You may think that you’d never navigate to a link like that! Who would?! But let’s remember, in a previous post, you did click the link in your spam email to send money to your high school sweetheart. This isn’t meant as a judgment; no one is immune to clicking fishy links. Also, agitators are pretty tricksy. They might use URL shorteners to obscure the risk.

DOM-based XSS

In this attack, the agitator takes advantage of Web APIs. The attack occurs entirely within the SPA, and it’s pretty much identical to reflected XSS.

Let’s say our application depends on an external resource—the app embeds an <iframe> for showing trailers for the K-Dramas and sets the iframe’s src attribute to an external site. So our code might look like this.

<iframe src="{resourceURL}" />

We usually call out to the third-party service to get the URLs for the source, but agitators have infiltrated this third-party service and now control the resource URLs returned, making our code look like this.

<iframe src="javascript:alert('Boo!')" />

Well, darn it, we’ve got some problems.

XSS support in Angular

Fortunately, Angular has a lot of built-in security protections. It treats all values as suspicious and untrusted by default, which is incredibly helpful because the framework automatically guards us against unintentionally creating vulnerabilities in our applications. Angular automatically removes any script tags so we won’t have to worry about the original hypothetical example.

Let’s see some examples of how Angular protects us against XSS.

Angular automatically escapes values

Web applications implement comment features like in the Stored XSS example by calling an API to get a list of comments, then add the comments to the template. In Angular, an extremely simplified comments component might look something like this:

@Component({
  selector: 'app-comments'
  template: `
    <p *ngFor="let comment of comments | async">
      {{comment}}
    <p>
  `
})
export class CommentsComponent implements OnInit {
  public comments: Observable<string[]>;
  
  constructor(private commentsService: CommentsService) { }

  public ngOnInit(): void {
    this.comments = this.commentsService.getComments();
  }
}

The XSS attack vector works only if the web app treats all values as trustworthy and appends them directly to the template, such as when the web app doesn’t escape or sanitize values first. Luckily, Angular automatically does both.

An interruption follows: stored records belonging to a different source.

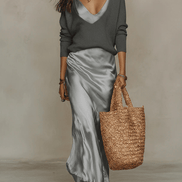 Niketa Satin Two-Piece Maxi Women's Occasion Dress with Flowing Sleeves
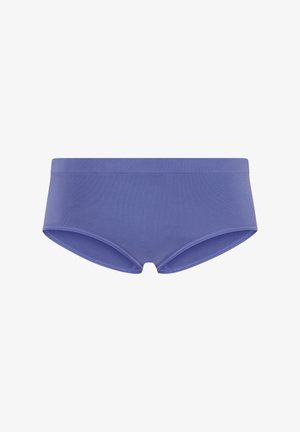 Lila, sömlös boyshort-underkläder med en slät yta och låg midja. Har en tight passform och inga synliga sömmar för en strömlinjeformad silhuett.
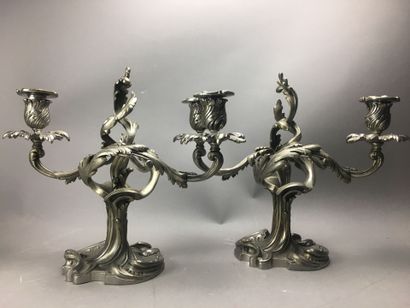 Paire de chandeliers bouts-de-table en bronze...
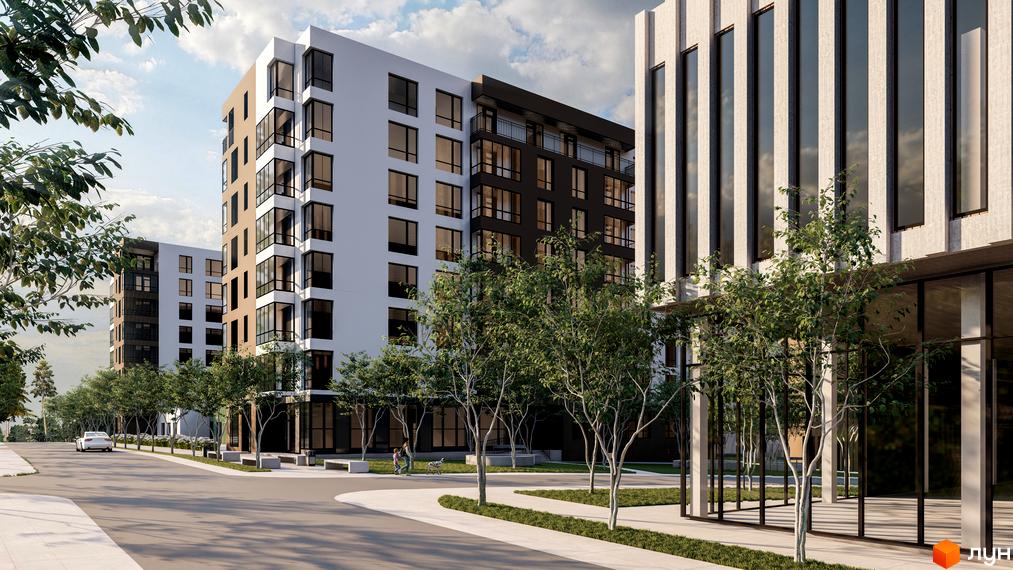 Житловий комплекс GREENHOUSE CITY з білими та темно-коричневими фасадами, великими вікнами та зеленою прибудинковою територією з деревами та пішохідними доріжками.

When you add values through interpolation in templates (using the {{}} syntax), Angular automatically escapes the data. So the comment:

<a href="javascript:alert(\'Crash Landing on You stinks!\')">Click to win a free prize!</a>

displays exactly like what’s written above as text. It’s still a terrible comment and unfriendly to “Crash Landing on You” fans, but it doesn’t add the anchor element to the app. This is awesome because even if the attack were more malicious, it still wouldn’t perform any actions.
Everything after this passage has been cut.